I'm taking the Algorithms I class from Coursera that just started up again. (I'm going to finish it this time.) (No really!) The first programming assignment has students building a Monte Carlo simulation for the percolation problem, using a weighted quick-union algorithm. We'd already covered union finds and the internals of a WQU during the lectures and exercises, so the assignment focused on applying it efficiently.

I built a slow prototype that mostly worked, then made it a decent amount faster, then fixed an edge case that I'd broken while making it faster, then got stuck. My solution still mostly worked--the gist was there--but it was partially wrong, and I couldn't even conceptualize a fix without at least doubling the memory or runtime. Which, obviously, would be wrong. Right? I mean, I spent six years in C. Performance is everything.

I even slept on it.
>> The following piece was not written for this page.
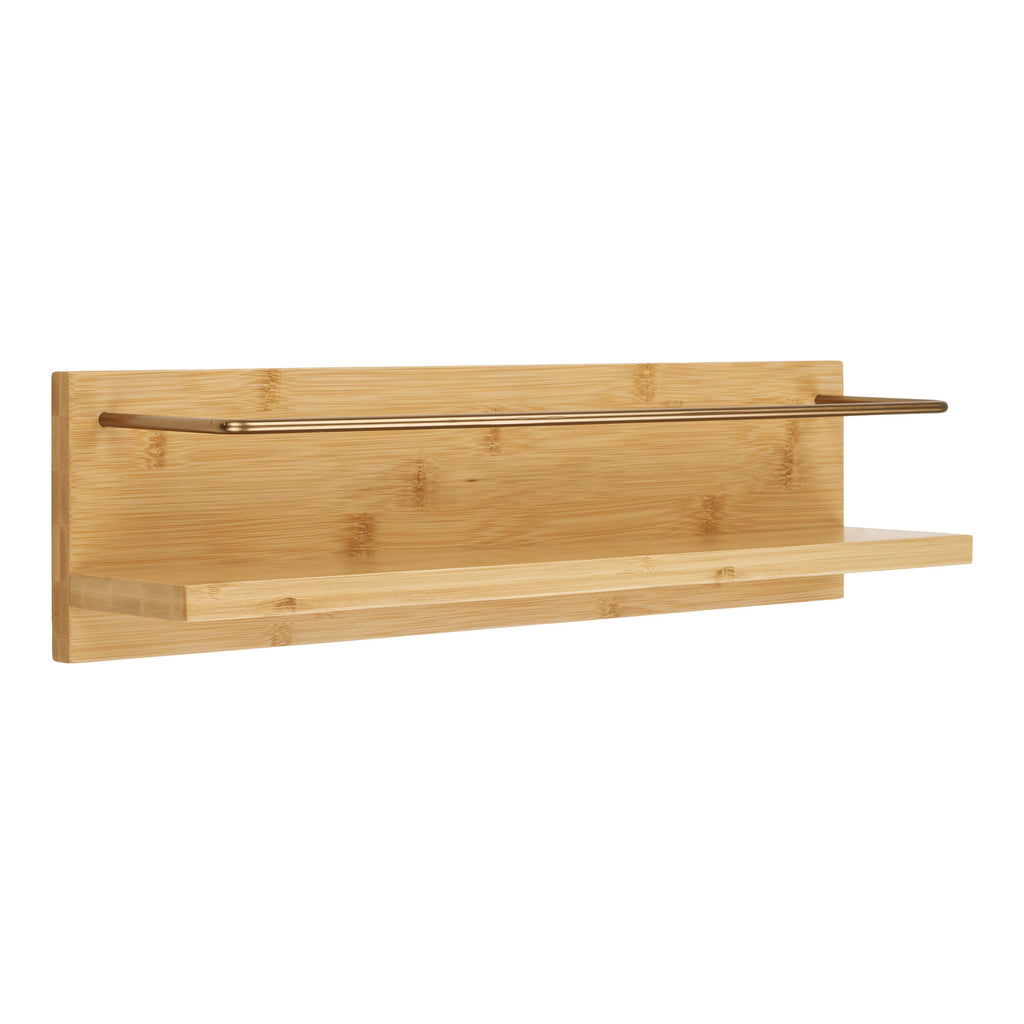 Ember Wandplank - Bamboe, naturel 45x10x12 cm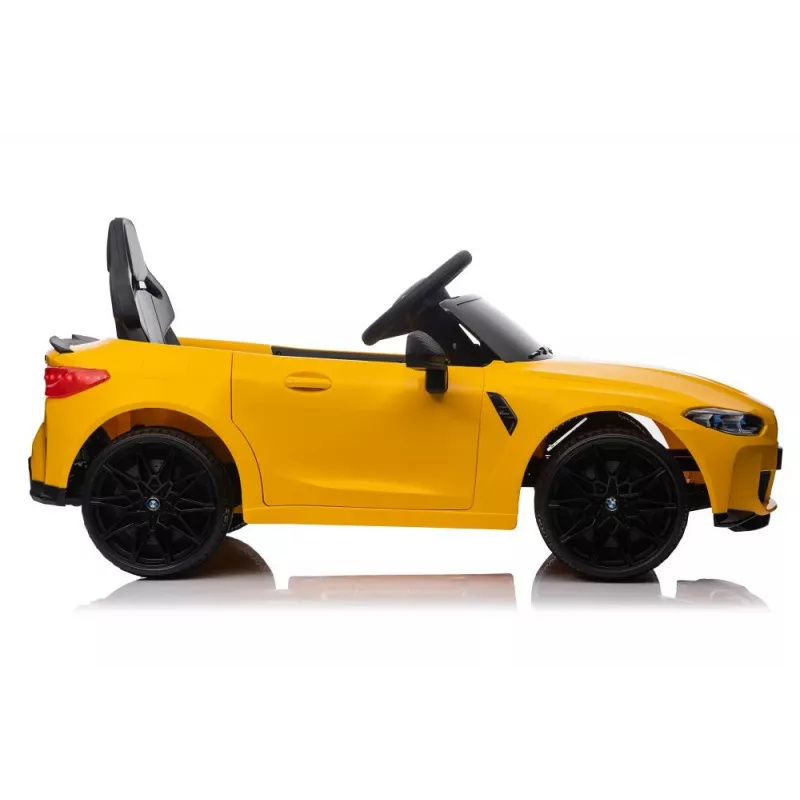 LEAN CARS Elektrisches Kinderauto BMW M4 Gelb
Nothing.

Feeling fairly stupid, I started procrastinating on the class forums and stumbled over a thread that directly addressed the problem I was trying to solve. Most of the comments went something like this:

Yeah, I couldn't even get close to 100% [grade] until I doubled the memory used.

Wait, what? They doubled the memory..and it was ok? WAIT A SECOND.

I went back to the automated feedback from my best attempt (a mere 87%) and checked the details of the memory usage tests. Sure enough, I was using less than half what the assignment allowed. I re-submitted my solution with the doubling-memory, solving-the-whole-problem tweak: 100%.

Lesson learned: Don't start rejecting solutions until they overflow the actual boundaries of the problem. Speed for speed's sake, or memory for memory's sake, or LOC for LOC's sake, or whatever imaginary boundary you've constructed for yourself ends up being just a waste of time if you can't get the rest of it done.